Using Parks-Mcclellan (or others) for FIR differentiator?

I have never seen the use of Parks-Mcclellan for differentiator - most uses tend to be lowpass filters. Is this because Parks-Mcclellan implementation of FIR differentiator has numerical problems and cannot be successful?

It seems though that Parks-Mcclellan for a differentiator should be more studied and obvious, because in terms of fit of a function, a differentiator has frequency response that is basically a sloped straight line or an identity function.

In general, I am having some difficulty finding established optimal ways to implement FIR differentiators. Are there other known ways that are commonly used for FIR differentiators? What about lowpass differentiators, where frequency response basically is a differentiator up to some frequency and from some frequency to $$\pi$$ it is filtered out, with transition band in the middle?

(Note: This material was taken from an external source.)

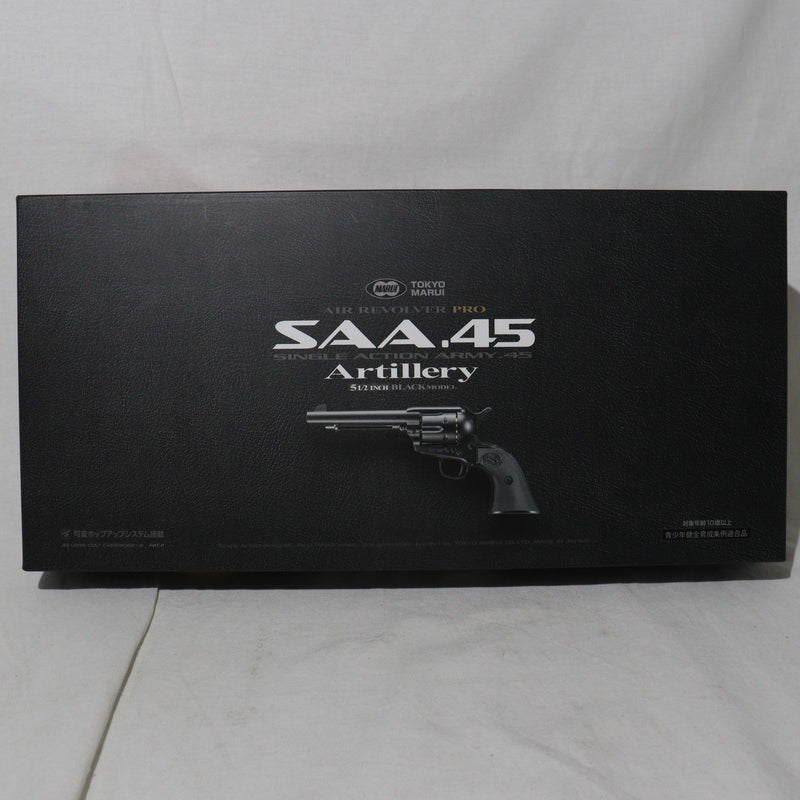 【中古即納】[MIL]東京マルイ エアーリボルバー プロ SAA.45 アーティラリー 5 1/2インチ BK(ブラック/黒) (10歳以上専用)(20220421)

• AFAIK, the P-M algo can be used, but it's not often used because those filters will be computationally intensive due to them being so precise. So then most people use filters that do coarser approximations. Or you would use P-M but then you'd need to "coarsify" it when you build up a table of filter coefficients, since having too much values to go through would lead to high CPU use. Dec 28, 2018 at 19:09

E.g., the Matlab function firpm, which implements the Parks McClellan method, can design FIR differentiators if you supply differentiator as filter type. The same is true for the least squares filter design function firls.